Your goal
Retype the entries exactly, but skip the pictures.

Source material
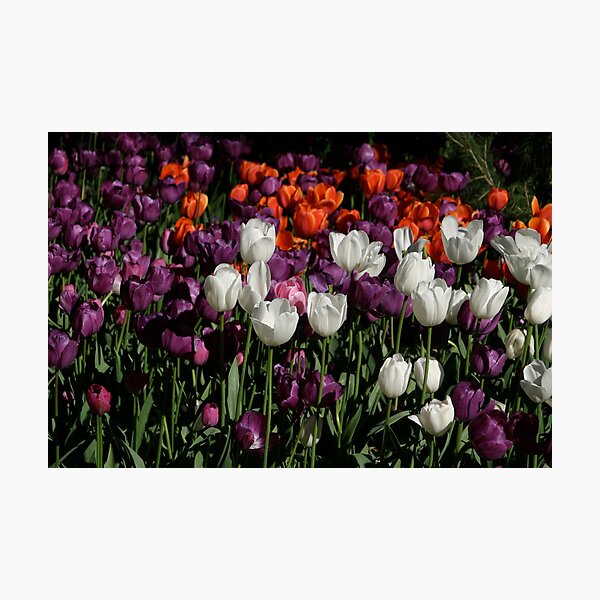 Item preview, Tulips in morning light designed and sold by FLYINGSCOTSMAN.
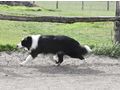 Border Collie Hyper Paw Ahnentafel - Rassehunde - Bild 15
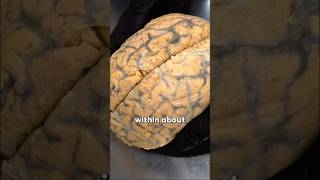 Celebrity What Happens As the Body Dies Net Worth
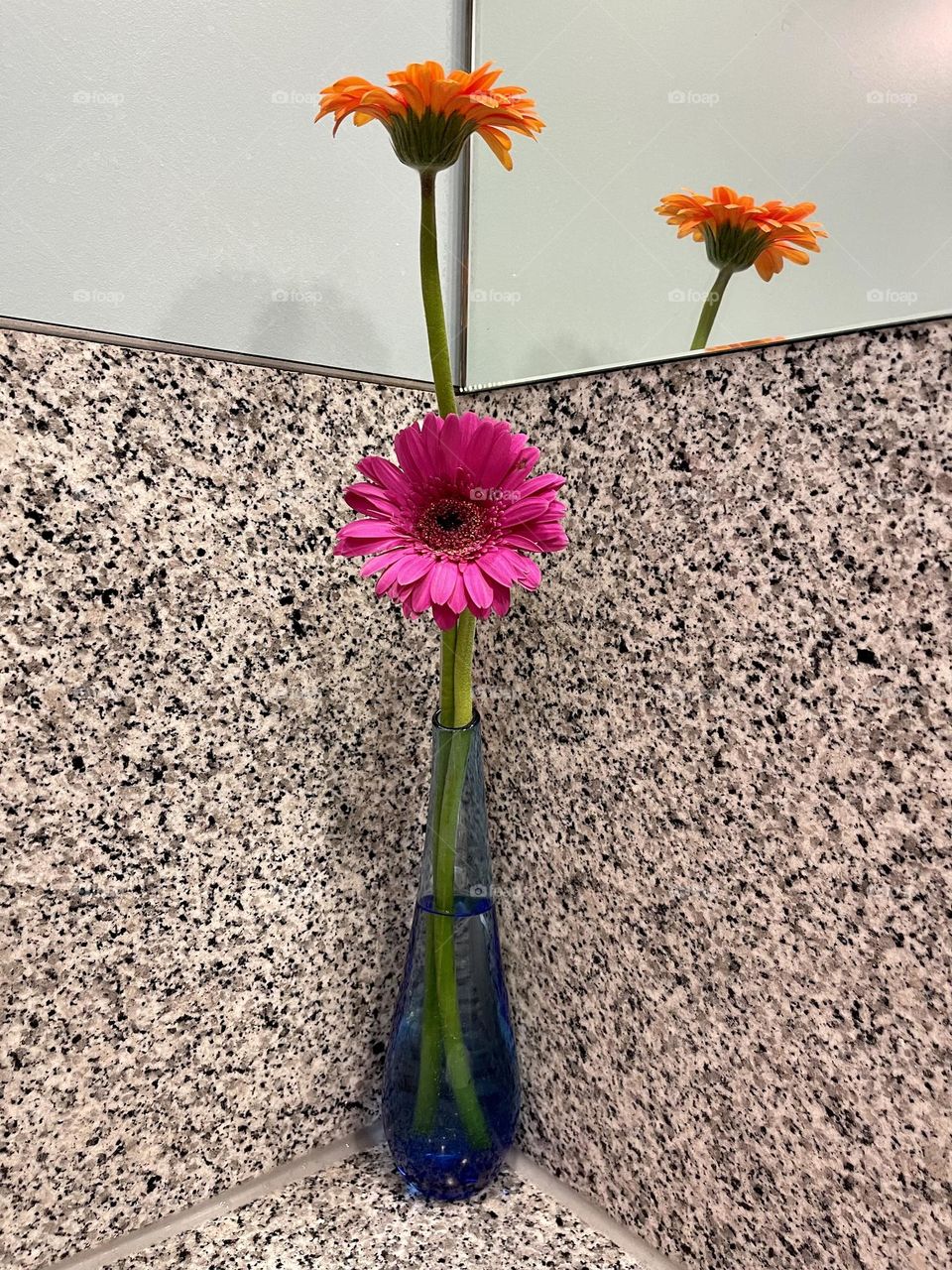 Bright beautiful flowers in the vase 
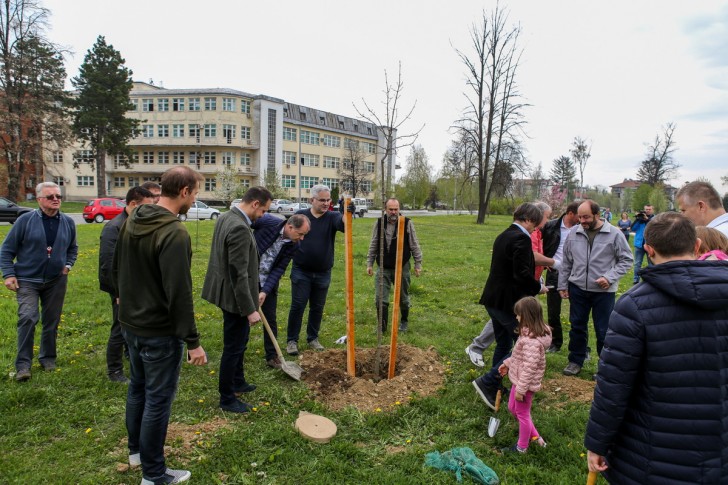 Rotarijancu Valjeva i Velenja sade drveće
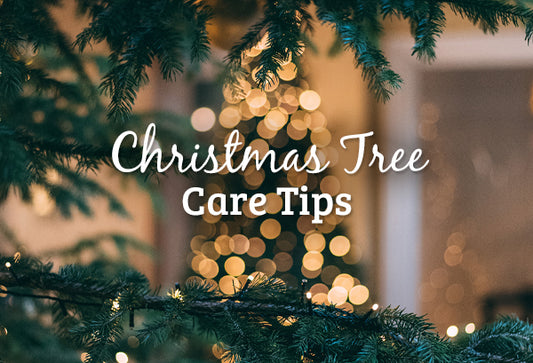 Keeping Your Christmas Tree Merry and Bright: Essential Care Tips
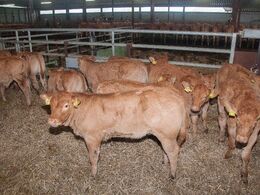 En flok kalve spærret inde i deres kalveskjul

Reply to the exercise
 Item preview, Tulips in morning light designed and sold by FLYINGSCOTSMAN.
 Border Collie Hyper Paw Ahnentafel - Rassehunde - Bild 15
 Celebrity What Happens As the Body Dies Net Worth
 Bright beautiful flowers in the vase 
 Rotarijancu Valjeva i Velenja sade drveće
 Keeping Your Christmas Tree Merry and Bright: Essential Care Tips
 En flok kalve spærret inde i deres kalveskjul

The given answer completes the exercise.